A Very Green Building

The builders of the Shard were quite environmentally conscious and 95% of the building materials are recycled.  It was designed to have a small carbon footprint and be energy efficient, with its own combined heat and power plant (CHP) to meet the building’s needs.  The essentially means that the Shard has its own small-scale power plant to reduce power transmission losses.  The fact that most of the exterior is specially-made glass also helps to reduce the sun’s heat within the building and keep it cool without relying too much on air conditioning.

All that Glass

Speaking of glass, the Shard is covered in 11,000 panels of it.

Expensive Hotel Room

The Shangri-La is a chain of luxury hotels and its London location operates on floors 34-52 of the Shard.  The most exclusive room in the hotel is the Shangri-La suite, which costs about £14,000 per night.  In addition to the stunning 180-degree view that it offers, the room also has about 617 square feet of space, a Nespresso machine, steam shower, jacuzzi bath, 1,000 thread count sheets, and a twenty-four hour butler.

Fastest Lifts in Europe

The Shard’s lifts move at nearly 20 feet per second.

Top of the Fox

Urban foxes have long been a problem in London and the Shard had its own very special encounter with one.  The story goes that, as the Shard was under construction, staff found a fox on the 72nd floor.  They figured he must have gotten up there via the stairwell and survived by living off the worker’s scraps.  Nicknamed Romeo, it took pest controllers from Southwark Council two weeks to capture him.  Council staff then released him on the streets of Bermondsey.  Romeo has since become something of a mascot for the Shard and miniature plush versions of him are available for sale at the tower, with the proceeds going to a local charity.

Cleanliness is Hard Work

The Shard employs a team of six window cleaners who take one week to clean a side of the Shard.  As there are four sides, it takes them roughly a month to finish, then they start all over again.

For Your Viewing Pleasure

Ten Interesting Facts and Figures about the Shard – The Tallest Building in the UK

The observation decks of the Shard can be found on floors 68, 69, and 72.  Tickets are needed (and they’re expensive), so it’s a good idea to book in advance, but once you get there, there is no shortage of interesting features on these three levels.  Floor 68 features an exhibit called Cloudscape, which teaches you all about the types of clouds you will see from the observation decks.  Floor 69 is where the interactive telescopes are located.  Lastly, for the truly daring, Floor 72 is open to the elements.  The View from the Shard also hosts regular events and private tours are available for hire.

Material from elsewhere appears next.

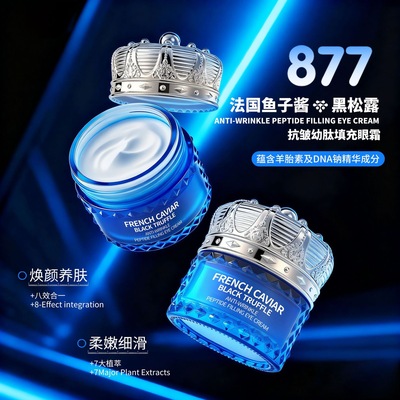 正品877鱼子酱黑松露抗皱幼肽填充眼霜紧实眼周淡化眼纹提亮眼周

The Shard can be seen from 40 miles in any direction.

See You Next Fall

Being the tallest building in Europe, the Shard is quite a tempting object for base jumpers, individuals who enjoy leaping from tall heights and then pulling the chord on a parachute to glide back to the street.  Approximately twelve attempts were made between 2009 and 2012 while the building was under construction, with four of them by Essex roofer Dan Witchalls.  The highest of these jumps was from 850 feet.  The most recent jump was made in March 2016 by a man who has yet to be identified.

Barred from the Shard

Base jumpers aren’t the only ones looking to gain access to the Shard for less than permitted reasons.  In 2013, a group of six protestors from Greenpeace took sixteen hours to climb the building and unfurl a flag at its summit that said “Save the Arctic”.  The year before, security guards spotted French urban climber Alain Robert trying to enter the building.  The owners then got a permanent injunction to prevent Mr. Robert from entering or climbing the building.

John Rabon
Author: John Rabon

John is a regular writer for Anglotopia and its sister websites. He is currently engaged in finding a way to move books slightly to the left without the embarrassment of being walked in on by Eddie Izzard. For any comments, questions, or complaints, please contact the Lord Mayor of London, Boris Johnson's haircut.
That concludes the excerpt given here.